Doc ref: 68880/01 • ECHR ID: 001-23228

Document date: May 13, 2003

  • Inbound citations: 0
  • Cited paragraphs: 0
  • Outbound citations: 1

SCHIRMER v. POLAND

Doc ref: 68880/01 • ECHR ID: 001-23228

Document date: May 13, 2003

Cited paragraphs only

FOURTH SECTION

FINAL DECISION

AS TO THE ADMISSIBILITY OF

Application no. 68880/01 by Henryka SCHIRMER against Poland

The European Court of Human Rights (Fourth Section) , sitting on 13 May 2003 as a Chamber composed of

Sir Nicolas Bratza , President , Mr M. Pellonpää , Mrs V. Strážnická , Mr R. Maruste , Mr S. Pavlovschi , Mr L. Garlicki , Mr J. Borrego Borrego , judges , , and Mr M. O’Boyle , Section Registrar ,

Having regard to the above application lodged on 13 June 2000,

Having regard to the observations submitted by the respondent Government and the observations in reply submitted by the applicant,

Having deliberated, decides as follows:

THE FACTS

The applicant, Henryka Schirmer, is a Polish national, who was born in 1915 and lives in Warsaw . The respondent Government were represented by Mr K. Drzewicki, of the Ministry of Foreign Affairs.

A. The circumstances of the case

The facts of the case, as submitted by the parties, may be summarised as follows.

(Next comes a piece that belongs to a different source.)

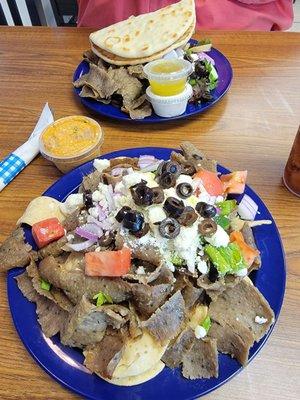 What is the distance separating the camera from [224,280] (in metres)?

In 1996 the applicant filed with the Warsaw District Court ( sÄ…d rejonowy ) an action in which she requested the eviction of a certain Ms J. from a flat owned by her and payment of overdue rent, in the amount of 4,371.17 Polish zlotys (PLN). She submitted that she had given notice of termination of the lease contract with J after her failure to pay the rent in due time.

In January 1999 the applicant, having offered J an alternative flat, added a new eviction claim, which was based on article 56 of the Law on the Lease of Dwellings and Housing Allowances ( Ustawa o najmie lokali mieszkalnych i dodatkach mieszkaniowych ).  Subsequently, she withdrew the claim related to J’s failure to pay the rent. The applicant submits that her withdrawal was conditional on the success of the new claim.

On 6 August 1999 the court gave judgment. It ordered J to pay overdue rent in the amount of PLN 459.15 and dismissed the claim for eviction. The court admitted that the applicant had offered J an alternative flat before claiming her eviction. It pointed out, however, that the Law on the Lease of Dwellings provided that a flat offered to a tenant as alternative lodging should be owned by the person seeking eviction, whereas the flat offered to J was owned by a housing co-operative and the applicant had only limited rights to it. The court pointed out that:

“The plaintiff has a co-operative ownership-like right to that flat, which, although relatively broad, is yet limited by a number of provisions of the Co-operative Law and cannot be identified with the ownership.”

The court further found that, since, pursuant to the Law on the Lease of Dwellings, the eviction of a tenant, if preceded by the offer to the tenant of an alternative flat, was an exception to a general rule that the owner may not evict a tenant who complies with his/her duties set out by the law, the provisions covering such exceptions should not be given extensive interpretation.

In the same judgment the District Court discontinued the proceedings in so far as they related to the withdrawn claim.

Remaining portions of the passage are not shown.